Ir além na descrição da história é impossível sem entregar pontos-chave da trama, algo que só vai estar presente na segunda parte deste texto, com alerta de spoilers. Também parece coerente certa decepção da plateia em relação a “mãe!” partindo-se do trailer divulgado nas semanas anteriores ao lançamento, que apresentava o filme como uma espécie de “O bebê de Rosemary” revisitado. Os dois filmes, de fato, têm alguns pontos em comum, mas não a ponto de “mãe!” poder ser considerado uma releitura do filme de Roman Polansky.

Do ponto de vista cinematográfico, “mãe!” oferece diversos elementos que reforçam a capacidade criativa de Aronofsky, criador de “Cisne Negro”, “O Lutador”, “Réquiem para um sonho”, entre outros. Estruturado quase como uma peça de teatro, inclusive nas interpretações, o novo filme exala claustrofobia em suas primeiras sequências. Imagens em primeiríssimo plano, fechadas nos rostos dos personagens, acentuam a sensação de aprisionamento.

Praticamente sem trilha sonora em seus primeiros dois atos, o filme tem design sonoro preciso, utilizando sons, como de objetos caindo ou se quebrando (recorrentes no filme) como marcadores de ritmo e criadores de tensão. À medida que o filme avança para seu segundo ato, os planos começam a se tornar menos fechados e a câmera, mais ágil. A cena da briga entre os filhos do casal Ed Harris-Michelle Pfeiffer injeta energia no ambiente sem abandonar o caráter onírico que permeia praticamente todo o filme.

Não é à toa que os personagens sejam aqui descritos sem nomes, já que é desta forma que eles se apresentam todo o tempo, algo que pode ser visto como chave para a interpretação daquela história aparentemente sem nexo. Nesse ambiente impessoal, no entanto, a composição dos dois personagens centrais – o poeta e sua musa – é irrepreensível, tanto do ponto de vista de interpretação quanto de direção. Mais que isso: o roteiro de Aronofsky oferece todos os gatilhos para que o espectador rapidamente se identifique e entenda as motivações de ambos, chegando ao final da história completamente envolvido por aquele casal. Se – e somente se – entender a grande alegoria desfiada em situações tão exóticas nos 121 minutos de filme.

Mãe! – uma interpretação, com spoilers

"mãe!" é uma obra aberta como poucas têm surgido no cinema norte-americano nos últimos tempos. A interpretação a seguir é uma possibilidade, a partir de percepções subjetivas, e o define como uma alegoria do artista em seu processo criativo. Mas parece evidente que o balaio de “mãe!” comporta múltiplas visões, que têm se estendido por temas tão diversos quanto ecologia (a “mãe” feita por Lawrence como representação do planeta Terra) a intolerância religiosa.

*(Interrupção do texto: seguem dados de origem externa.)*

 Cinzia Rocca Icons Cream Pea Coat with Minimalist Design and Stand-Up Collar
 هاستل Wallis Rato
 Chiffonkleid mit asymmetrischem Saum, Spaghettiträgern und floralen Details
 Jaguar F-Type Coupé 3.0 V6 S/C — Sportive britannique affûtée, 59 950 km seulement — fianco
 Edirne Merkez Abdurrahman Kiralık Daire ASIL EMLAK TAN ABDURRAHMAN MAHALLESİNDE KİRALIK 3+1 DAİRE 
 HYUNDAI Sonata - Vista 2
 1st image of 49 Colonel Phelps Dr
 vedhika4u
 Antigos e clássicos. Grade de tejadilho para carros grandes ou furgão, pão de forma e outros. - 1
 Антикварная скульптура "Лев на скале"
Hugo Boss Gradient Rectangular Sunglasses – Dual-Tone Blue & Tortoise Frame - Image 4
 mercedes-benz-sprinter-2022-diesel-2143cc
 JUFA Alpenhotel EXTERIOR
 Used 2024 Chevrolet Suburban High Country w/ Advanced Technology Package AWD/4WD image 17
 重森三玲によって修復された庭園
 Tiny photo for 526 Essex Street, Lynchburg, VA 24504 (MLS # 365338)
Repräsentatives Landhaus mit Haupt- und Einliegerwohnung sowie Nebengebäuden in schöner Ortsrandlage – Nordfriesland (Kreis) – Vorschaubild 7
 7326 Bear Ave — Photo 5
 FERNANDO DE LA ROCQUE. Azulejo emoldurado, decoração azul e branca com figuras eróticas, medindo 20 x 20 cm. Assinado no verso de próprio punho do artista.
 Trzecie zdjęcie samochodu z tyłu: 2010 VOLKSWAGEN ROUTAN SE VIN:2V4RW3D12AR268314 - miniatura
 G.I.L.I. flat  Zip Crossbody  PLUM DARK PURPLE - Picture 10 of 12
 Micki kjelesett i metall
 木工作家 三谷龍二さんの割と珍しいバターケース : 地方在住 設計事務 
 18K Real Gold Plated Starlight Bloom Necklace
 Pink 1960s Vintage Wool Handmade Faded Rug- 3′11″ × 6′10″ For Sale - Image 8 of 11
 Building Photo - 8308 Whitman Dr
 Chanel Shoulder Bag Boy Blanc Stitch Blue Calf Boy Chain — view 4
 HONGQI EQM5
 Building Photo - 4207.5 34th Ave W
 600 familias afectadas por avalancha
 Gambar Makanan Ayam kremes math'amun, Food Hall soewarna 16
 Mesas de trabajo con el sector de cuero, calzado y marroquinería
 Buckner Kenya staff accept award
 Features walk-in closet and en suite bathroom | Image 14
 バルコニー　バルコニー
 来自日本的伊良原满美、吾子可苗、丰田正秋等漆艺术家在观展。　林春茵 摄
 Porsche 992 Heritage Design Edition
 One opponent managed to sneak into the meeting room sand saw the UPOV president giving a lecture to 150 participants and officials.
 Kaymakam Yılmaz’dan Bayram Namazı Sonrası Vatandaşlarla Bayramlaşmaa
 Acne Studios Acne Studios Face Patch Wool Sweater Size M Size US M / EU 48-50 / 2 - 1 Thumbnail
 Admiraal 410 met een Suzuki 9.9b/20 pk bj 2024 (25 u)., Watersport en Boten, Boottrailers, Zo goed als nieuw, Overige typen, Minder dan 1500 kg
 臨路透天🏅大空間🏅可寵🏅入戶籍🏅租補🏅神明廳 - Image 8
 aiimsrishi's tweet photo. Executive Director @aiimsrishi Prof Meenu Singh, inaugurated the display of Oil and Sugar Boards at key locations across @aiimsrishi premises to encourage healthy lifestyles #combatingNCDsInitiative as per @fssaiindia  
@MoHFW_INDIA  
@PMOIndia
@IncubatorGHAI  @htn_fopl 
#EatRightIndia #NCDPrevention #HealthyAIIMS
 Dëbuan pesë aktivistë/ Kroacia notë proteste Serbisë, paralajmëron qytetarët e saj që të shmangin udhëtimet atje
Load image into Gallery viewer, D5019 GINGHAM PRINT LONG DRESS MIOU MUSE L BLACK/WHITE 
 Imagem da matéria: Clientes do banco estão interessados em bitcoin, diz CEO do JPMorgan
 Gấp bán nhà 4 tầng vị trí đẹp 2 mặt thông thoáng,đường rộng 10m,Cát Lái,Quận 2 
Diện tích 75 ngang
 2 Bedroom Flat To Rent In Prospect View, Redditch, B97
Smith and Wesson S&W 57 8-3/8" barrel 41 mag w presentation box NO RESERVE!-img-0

Em uma das primeiras cenas, o personagem de Javier Bardem aparece segurando uma pedra, logo identificada como preciosa, pelo lugar de destaque que ela passa a ocupar em um nicho da sua estante. Também nas primeiras sequências, o filme introduz a figura da esposa do personagem, Jennifer Lawrence, a todo instante definida por ele como sua “musa”.

Para além da relação de um casal, o filme ganha muito mais sentido se for percebido como um momento na vida de um artista no qual ele se encontra em bloqueio criativo e dialoga com suas referências e fantasmas. Sob essa perspectiva, tudo o que se vê na tela é a mente desse artista debatendo-se com elementos afetivos, sociais, sexuais, históricos, religiosos (o fogo, o inferno, a culpa, o apocalipse, está tudo lá) – formadores de sua obra – e agarrando-se ao aspecto aparentemente mais frágil, intocado e etéreo de todos – sua inspiração. A personagem de Jennifer Lawrence não seria, sob essa perspectiva, a esposa do poeta que dá à luz seu filho, mas a inspiração que lhe permite gerar e parir novas obras.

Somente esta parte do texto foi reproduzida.